Availability: This metric measures the impact to the availability of the VULNERABLE SYSTEM resulting from a successfully exploited vulnerability. While the Confidentiality and Integrity impact metrics apply to the loss of confidentiality or integrity of data (e.g., information, files) used by the system, this metric refers to the loss of availability of the impacted system itself, such as a networked service (e.g., web, database, email). Since availability refers to the accessibility of information resources, attacks that consume network bandwidth, processor cycles, or disk space all impact the availability of a system.
Subsequent System Impact Metrics
Confidentiality: This metric measures the impact to the confidentiality of the information managed by the SUBSEQUENT SYSTEM due to a successfully exploited vulnerability. Confidentiality refers to limiting information access and disclosure to only authorized users, as well as preventing access by, or disclosure to, unauthorized ones.
Integrity: This metric measures the impact to integrity of a successfully exploited vulnerability. Integrity refers to the trustworthiness and veracity of information. Integrity of the SUBSEQUENT SYSTEM is impacted when an attacker makes unauthorized modification of system data. Integrity is also impacted when a system user can repudiate critical actions taken in the context of the system (e.g. due to insufficient logging).
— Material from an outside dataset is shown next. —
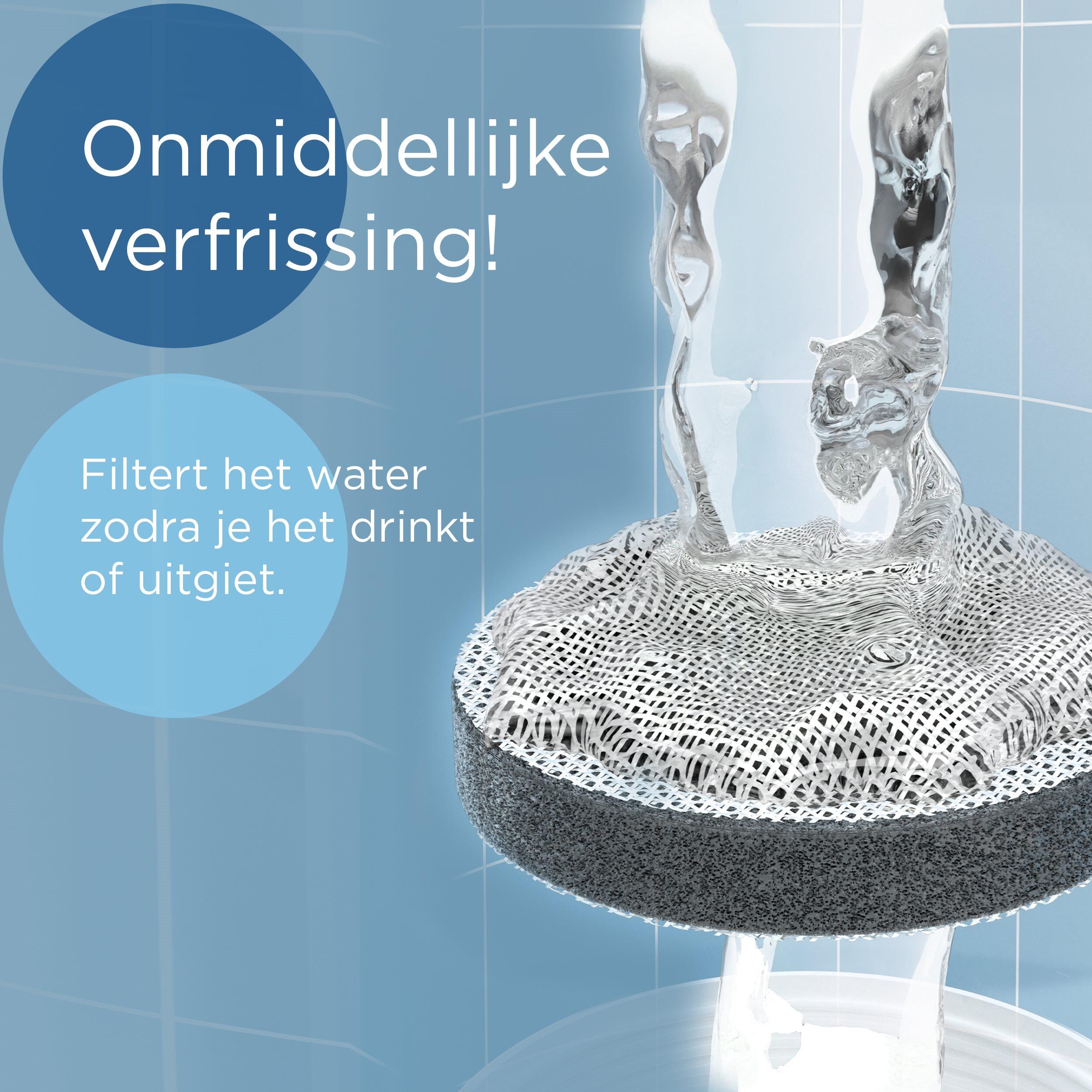 BRITA Waterfilterfles Active 0.6L Donkerblauw inclusief 2 MicroDisc Single Unit 7/7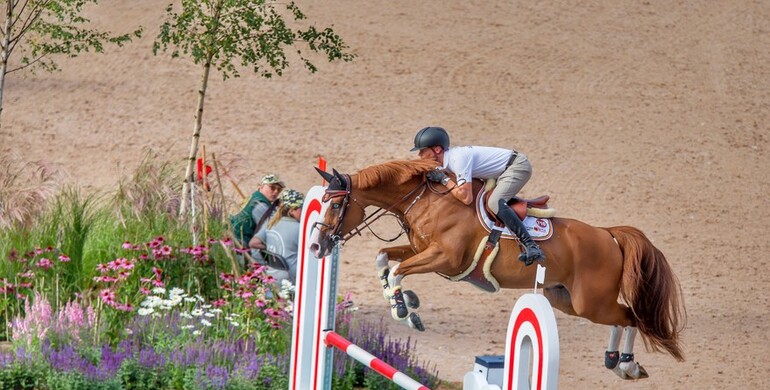 Jerome Guery replaces Olivier Philippaerts on the Belgian team at the Europeans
Availability: This metric measures the impact to the availability of the SUBSEQUENT SYSTEM resulting from a successfully exploited vulnerability. While the Confidentiality and Integrity impact metrics apply to the loss of confidentiality or integrity of data (e.g., information, files) used by the system, this metric refers to the loss of availability of the impacted system itself, such as a networked service (e.g., web, database, email). Since availability refers to the accessibility of information resources, attacks that consume network bandwidth, processor cycles, or disk space all impact the availability of a system.